An exact, word-for-word copy of the entries is required, beginning at the line that contains "Pioneer Round-Up Club, Eagle, 8" and ending at the last line, both included.

- RECORD EXTRACTS
________________
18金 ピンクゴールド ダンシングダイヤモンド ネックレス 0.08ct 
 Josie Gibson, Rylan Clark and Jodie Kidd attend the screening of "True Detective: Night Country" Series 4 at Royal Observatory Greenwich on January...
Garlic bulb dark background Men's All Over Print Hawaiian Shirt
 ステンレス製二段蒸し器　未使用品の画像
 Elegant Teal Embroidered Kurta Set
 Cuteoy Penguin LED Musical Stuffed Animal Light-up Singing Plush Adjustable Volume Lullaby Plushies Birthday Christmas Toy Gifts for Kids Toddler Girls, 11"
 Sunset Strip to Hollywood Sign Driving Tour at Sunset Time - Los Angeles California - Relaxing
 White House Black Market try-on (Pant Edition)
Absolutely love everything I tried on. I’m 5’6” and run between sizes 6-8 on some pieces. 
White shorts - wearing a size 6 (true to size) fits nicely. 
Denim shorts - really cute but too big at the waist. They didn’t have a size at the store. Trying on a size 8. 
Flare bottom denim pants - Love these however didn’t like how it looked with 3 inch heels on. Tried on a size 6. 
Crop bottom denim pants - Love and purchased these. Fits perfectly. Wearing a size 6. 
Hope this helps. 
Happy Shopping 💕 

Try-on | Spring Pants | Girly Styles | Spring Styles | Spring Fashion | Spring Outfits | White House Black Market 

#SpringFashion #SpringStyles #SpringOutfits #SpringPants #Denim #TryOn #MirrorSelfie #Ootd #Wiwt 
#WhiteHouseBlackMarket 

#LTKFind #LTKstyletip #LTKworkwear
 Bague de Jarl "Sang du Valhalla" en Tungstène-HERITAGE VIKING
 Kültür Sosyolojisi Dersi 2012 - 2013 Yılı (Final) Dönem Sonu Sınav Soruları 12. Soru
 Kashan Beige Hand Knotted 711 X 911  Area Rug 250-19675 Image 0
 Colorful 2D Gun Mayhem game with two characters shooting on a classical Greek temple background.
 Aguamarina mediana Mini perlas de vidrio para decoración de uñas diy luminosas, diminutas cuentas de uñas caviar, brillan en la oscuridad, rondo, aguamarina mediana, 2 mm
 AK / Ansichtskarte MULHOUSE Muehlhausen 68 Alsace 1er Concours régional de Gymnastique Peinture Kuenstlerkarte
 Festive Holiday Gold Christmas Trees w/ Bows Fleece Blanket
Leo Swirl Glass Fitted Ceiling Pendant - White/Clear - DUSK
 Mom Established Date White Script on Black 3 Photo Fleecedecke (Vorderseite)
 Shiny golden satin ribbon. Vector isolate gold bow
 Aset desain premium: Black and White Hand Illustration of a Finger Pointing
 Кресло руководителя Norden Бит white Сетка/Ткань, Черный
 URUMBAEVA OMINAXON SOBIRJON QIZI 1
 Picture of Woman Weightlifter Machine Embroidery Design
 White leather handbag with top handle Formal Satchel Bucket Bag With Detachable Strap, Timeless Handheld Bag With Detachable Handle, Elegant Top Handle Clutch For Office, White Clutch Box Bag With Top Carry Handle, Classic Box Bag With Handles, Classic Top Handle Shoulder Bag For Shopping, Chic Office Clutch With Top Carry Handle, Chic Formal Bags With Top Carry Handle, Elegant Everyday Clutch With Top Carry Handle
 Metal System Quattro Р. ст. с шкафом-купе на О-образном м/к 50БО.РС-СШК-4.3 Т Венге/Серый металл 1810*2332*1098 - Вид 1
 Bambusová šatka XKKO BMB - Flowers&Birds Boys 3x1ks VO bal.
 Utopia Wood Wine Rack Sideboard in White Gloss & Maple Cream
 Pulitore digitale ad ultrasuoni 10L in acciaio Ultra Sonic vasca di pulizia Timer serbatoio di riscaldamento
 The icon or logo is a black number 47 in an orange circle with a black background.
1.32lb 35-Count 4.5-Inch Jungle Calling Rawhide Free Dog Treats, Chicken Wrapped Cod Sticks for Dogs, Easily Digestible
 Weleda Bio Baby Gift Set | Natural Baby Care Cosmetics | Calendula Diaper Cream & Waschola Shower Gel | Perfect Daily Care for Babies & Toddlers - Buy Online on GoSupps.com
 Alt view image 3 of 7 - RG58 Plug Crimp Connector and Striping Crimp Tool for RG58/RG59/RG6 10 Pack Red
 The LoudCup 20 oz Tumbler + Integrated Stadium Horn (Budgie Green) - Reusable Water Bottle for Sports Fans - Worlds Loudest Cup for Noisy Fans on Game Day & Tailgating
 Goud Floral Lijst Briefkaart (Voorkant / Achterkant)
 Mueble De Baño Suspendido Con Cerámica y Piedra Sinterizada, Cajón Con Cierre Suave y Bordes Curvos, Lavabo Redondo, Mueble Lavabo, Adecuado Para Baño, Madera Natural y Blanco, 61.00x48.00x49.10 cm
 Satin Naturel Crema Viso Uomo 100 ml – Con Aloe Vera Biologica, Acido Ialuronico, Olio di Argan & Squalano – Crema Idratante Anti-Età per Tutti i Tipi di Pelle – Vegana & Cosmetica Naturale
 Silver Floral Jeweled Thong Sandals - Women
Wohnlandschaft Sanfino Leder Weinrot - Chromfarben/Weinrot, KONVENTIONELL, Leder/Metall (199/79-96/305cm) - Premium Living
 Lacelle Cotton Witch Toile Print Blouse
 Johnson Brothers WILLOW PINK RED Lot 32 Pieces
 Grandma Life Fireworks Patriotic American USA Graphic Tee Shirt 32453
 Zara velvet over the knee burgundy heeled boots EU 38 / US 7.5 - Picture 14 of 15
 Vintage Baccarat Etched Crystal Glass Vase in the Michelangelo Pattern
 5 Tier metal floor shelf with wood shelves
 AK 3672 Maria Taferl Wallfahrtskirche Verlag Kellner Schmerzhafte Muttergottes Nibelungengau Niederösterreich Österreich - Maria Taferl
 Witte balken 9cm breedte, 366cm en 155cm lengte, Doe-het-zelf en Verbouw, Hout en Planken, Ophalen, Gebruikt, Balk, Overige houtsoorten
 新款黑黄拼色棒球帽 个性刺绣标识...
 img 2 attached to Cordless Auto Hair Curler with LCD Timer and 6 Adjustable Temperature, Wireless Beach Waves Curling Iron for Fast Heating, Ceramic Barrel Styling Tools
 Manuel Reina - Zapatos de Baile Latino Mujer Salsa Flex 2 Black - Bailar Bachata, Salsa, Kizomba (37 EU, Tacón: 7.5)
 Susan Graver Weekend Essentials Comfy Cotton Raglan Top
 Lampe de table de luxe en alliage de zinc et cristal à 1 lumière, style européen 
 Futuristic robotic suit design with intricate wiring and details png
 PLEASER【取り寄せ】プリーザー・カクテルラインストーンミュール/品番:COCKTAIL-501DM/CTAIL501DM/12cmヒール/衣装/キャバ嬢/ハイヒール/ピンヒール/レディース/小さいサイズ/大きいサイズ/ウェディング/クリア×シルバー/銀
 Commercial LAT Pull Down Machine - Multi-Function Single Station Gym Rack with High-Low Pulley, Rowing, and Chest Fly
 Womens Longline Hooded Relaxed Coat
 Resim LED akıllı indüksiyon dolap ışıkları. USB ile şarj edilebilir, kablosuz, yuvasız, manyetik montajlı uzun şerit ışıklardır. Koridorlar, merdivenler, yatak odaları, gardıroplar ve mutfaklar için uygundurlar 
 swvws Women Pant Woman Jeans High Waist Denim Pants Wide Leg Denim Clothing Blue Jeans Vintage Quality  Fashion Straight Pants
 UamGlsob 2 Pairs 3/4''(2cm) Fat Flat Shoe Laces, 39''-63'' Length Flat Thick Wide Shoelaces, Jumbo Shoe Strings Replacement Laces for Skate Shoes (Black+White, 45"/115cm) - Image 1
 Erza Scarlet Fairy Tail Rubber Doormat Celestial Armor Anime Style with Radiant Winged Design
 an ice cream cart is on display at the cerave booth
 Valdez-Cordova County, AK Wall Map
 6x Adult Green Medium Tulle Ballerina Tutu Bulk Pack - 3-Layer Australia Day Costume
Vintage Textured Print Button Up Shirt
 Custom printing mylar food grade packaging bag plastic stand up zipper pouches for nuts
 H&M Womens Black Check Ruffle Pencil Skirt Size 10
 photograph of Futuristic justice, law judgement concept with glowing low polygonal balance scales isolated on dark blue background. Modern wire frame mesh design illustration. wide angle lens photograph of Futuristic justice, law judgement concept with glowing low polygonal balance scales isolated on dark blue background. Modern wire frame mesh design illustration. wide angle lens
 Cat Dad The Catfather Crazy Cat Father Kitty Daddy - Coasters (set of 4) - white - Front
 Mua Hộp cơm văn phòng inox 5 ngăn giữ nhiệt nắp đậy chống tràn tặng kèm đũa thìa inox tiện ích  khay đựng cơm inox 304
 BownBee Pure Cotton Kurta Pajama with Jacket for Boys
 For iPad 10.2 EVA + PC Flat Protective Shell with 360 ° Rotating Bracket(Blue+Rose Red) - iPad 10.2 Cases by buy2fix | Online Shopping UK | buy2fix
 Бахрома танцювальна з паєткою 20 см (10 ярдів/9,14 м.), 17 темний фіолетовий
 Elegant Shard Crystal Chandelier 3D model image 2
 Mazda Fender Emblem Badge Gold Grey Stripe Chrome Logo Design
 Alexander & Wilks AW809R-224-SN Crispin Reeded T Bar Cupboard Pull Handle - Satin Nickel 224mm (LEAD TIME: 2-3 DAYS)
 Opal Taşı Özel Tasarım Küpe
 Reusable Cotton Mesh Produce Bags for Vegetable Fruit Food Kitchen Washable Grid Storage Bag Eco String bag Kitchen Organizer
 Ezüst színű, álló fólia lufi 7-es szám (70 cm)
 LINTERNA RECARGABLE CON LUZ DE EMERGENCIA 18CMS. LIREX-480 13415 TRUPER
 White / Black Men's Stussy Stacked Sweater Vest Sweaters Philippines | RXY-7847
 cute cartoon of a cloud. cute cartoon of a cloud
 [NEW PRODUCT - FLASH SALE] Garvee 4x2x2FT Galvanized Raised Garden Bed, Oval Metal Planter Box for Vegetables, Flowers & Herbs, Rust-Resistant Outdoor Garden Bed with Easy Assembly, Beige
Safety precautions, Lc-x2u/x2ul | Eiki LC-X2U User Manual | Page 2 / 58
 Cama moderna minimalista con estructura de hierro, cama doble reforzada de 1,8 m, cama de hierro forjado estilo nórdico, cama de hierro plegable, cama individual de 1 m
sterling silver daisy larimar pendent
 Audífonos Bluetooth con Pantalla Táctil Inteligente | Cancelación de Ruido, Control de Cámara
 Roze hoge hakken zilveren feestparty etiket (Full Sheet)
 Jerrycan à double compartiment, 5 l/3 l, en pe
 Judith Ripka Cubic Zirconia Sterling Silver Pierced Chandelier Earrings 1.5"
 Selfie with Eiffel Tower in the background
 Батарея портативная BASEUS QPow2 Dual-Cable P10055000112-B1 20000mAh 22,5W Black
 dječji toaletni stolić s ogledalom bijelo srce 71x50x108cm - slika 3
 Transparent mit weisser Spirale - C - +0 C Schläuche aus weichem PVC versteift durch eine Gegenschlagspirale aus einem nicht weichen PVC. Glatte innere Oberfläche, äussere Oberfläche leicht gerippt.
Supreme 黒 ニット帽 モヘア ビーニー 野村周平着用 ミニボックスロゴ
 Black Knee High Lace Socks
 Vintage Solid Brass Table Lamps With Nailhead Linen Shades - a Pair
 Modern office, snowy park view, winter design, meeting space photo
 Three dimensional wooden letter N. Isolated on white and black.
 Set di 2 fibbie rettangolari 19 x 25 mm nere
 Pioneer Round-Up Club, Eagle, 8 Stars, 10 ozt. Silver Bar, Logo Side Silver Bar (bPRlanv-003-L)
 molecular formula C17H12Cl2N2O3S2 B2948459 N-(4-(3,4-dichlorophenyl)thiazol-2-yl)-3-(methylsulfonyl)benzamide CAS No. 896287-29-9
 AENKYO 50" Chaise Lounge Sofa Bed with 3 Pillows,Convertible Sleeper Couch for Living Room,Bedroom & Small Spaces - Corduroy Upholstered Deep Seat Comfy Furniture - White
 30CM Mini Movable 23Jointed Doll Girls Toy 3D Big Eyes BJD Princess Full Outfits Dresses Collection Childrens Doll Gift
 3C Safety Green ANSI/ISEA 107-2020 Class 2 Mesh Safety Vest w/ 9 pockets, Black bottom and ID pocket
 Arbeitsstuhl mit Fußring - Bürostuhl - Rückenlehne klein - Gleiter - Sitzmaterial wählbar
________________
- ANSWER SECTION
 Pioneer Round-Up Club, Eagle, 8 Stars, 10 ozt. Silver Bar, Logo Side Silver Bar (bPRlanv-003-L)
 molecular formula C17H12Cl2N2O3S2 B2948459 N-(4-(3,4-dichlorophenyl)thiazol-2-yl)-3-(methylsulfonyl)benzamide CAS No. 896287-29-9
 AENKYO 50" Chaise Lounge Sofa Bed with 3 Pillows,Convertible Sleeper Couch for Living Room,Bedroom & Small Spaces - Corduroy Upholstered Deep Seat Comfy Furniture - White
 30CM Mini Movable 23Jointed Doll Girls Toy 3D Big Eyes BJD Princess Full Outfits Dresses Collection Childrens Doll Gift
 3C Safety Green ANSI/ISEA 107-2020 Class 2 Mesh Safety Vest w/ 9 pockets, Black bottom and ID pocket
 Arbeitsstuhl mit Fußring - Bürostuhl - Rückenlehne klein - Gleiter - Sitzmaterial wählbar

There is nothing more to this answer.